Pictures stay out of the output. Return exactly the lines below from the one with "CHANEL Pierce Gold" down to the one with "MUEBLE DE BAÑO", both included, and nothing more.

---------- Records for this exercise ----------

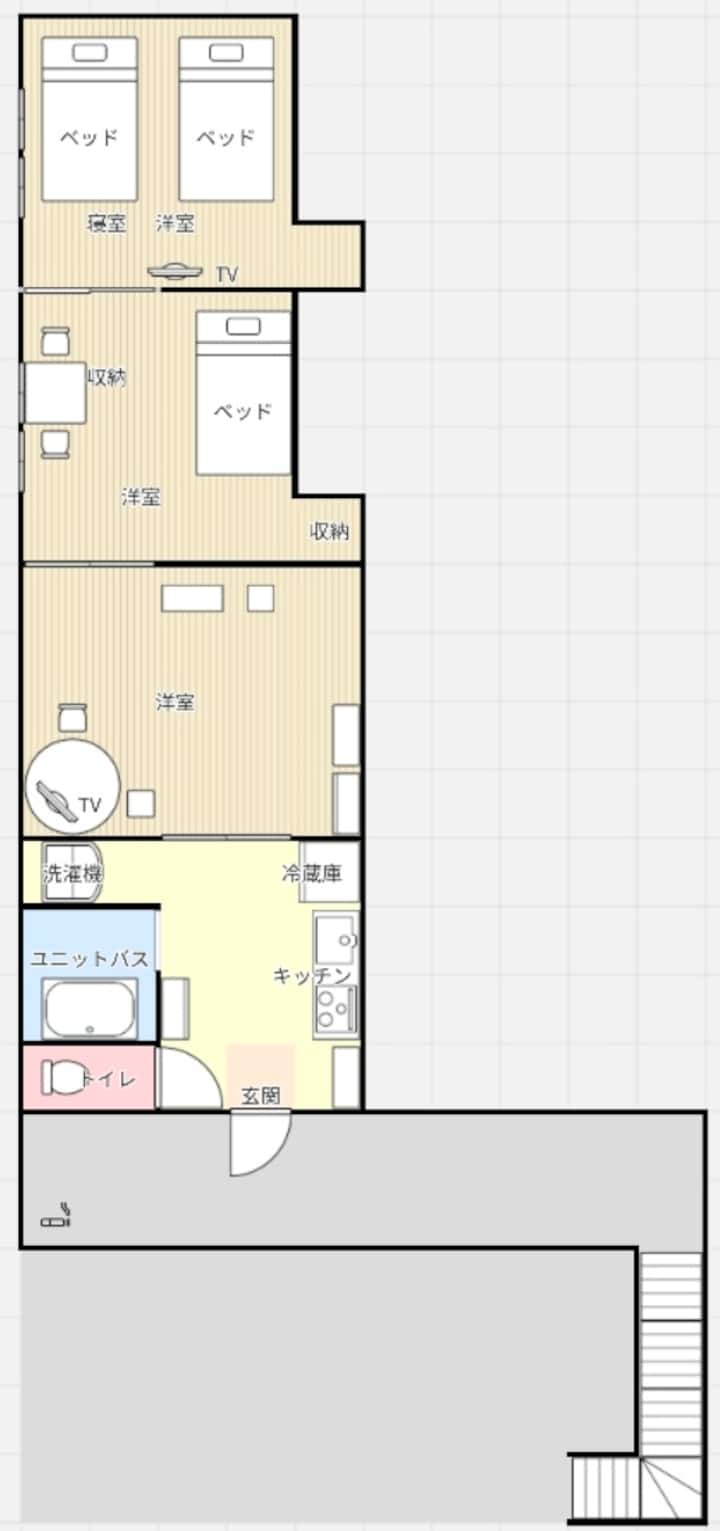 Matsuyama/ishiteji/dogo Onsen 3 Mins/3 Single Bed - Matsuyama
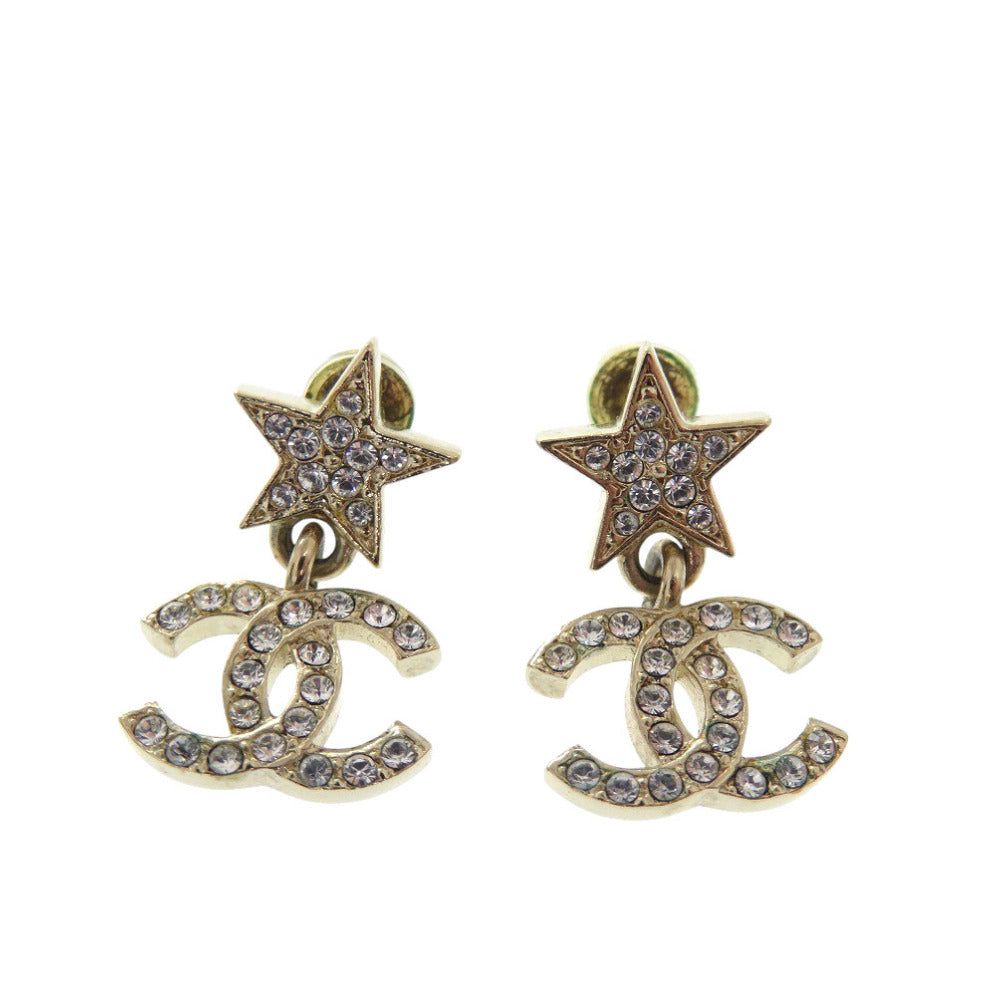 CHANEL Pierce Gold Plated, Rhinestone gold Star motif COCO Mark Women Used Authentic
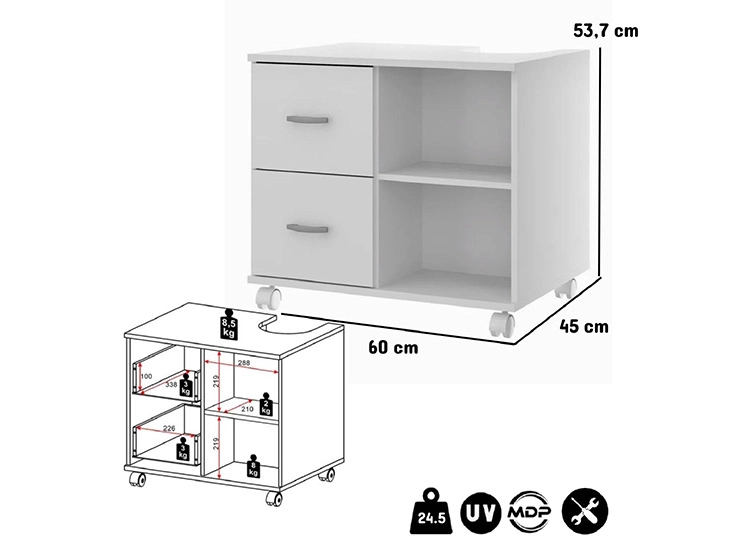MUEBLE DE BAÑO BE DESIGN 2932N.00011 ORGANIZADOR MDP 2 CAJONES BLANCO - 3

----------
---------- Records for this exercise ----------

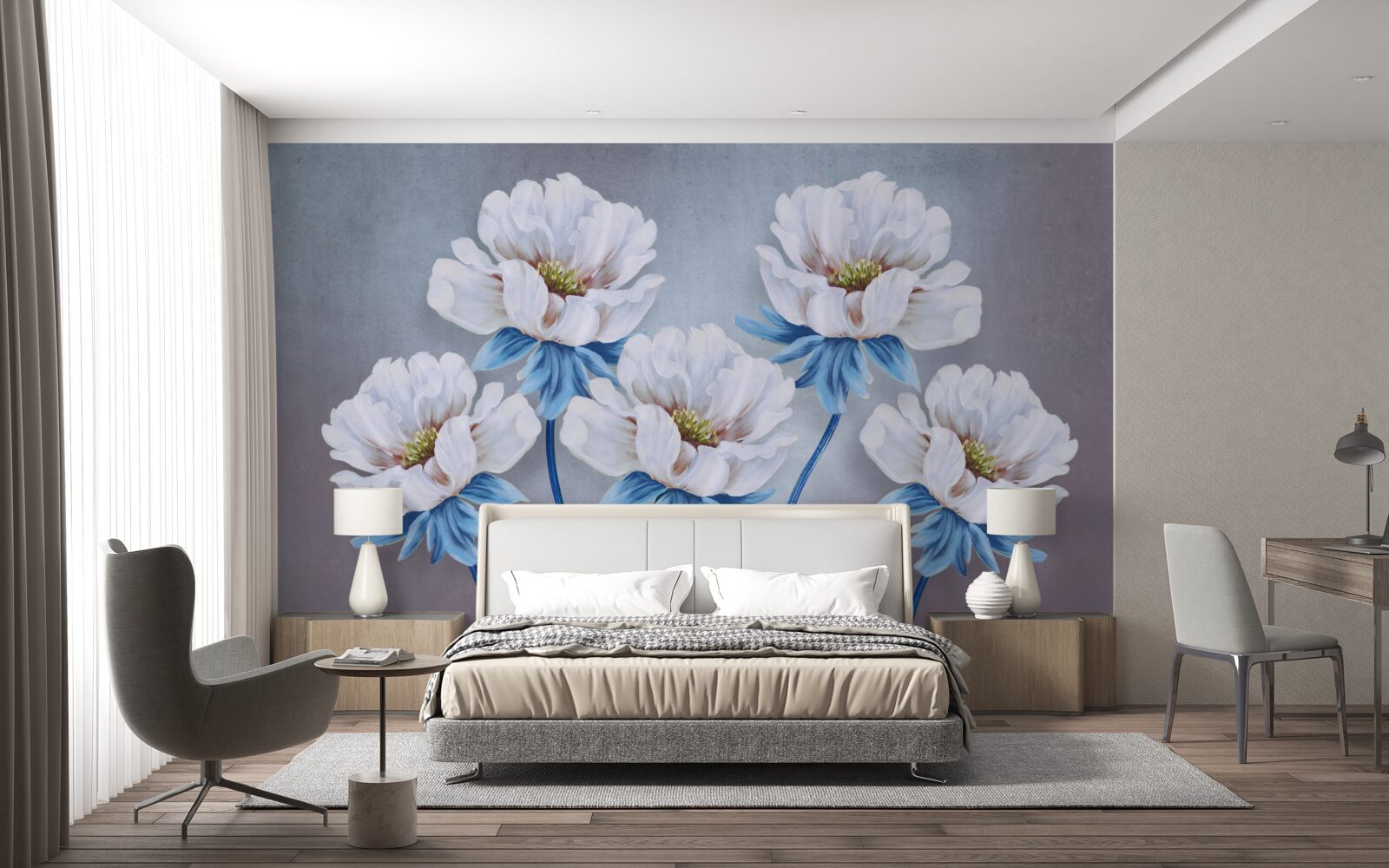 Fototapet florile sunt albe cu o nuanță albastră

----------

Response area
 CHANEL Pierce Gold Plated, Rhinestone gold Star motif COCO Mark Women Used Authentic
MUEBLE DE BAÑO BE DESIGN 2932N.00011 ORGANIZADOR MDP 2 CAJONES BLANCO - 3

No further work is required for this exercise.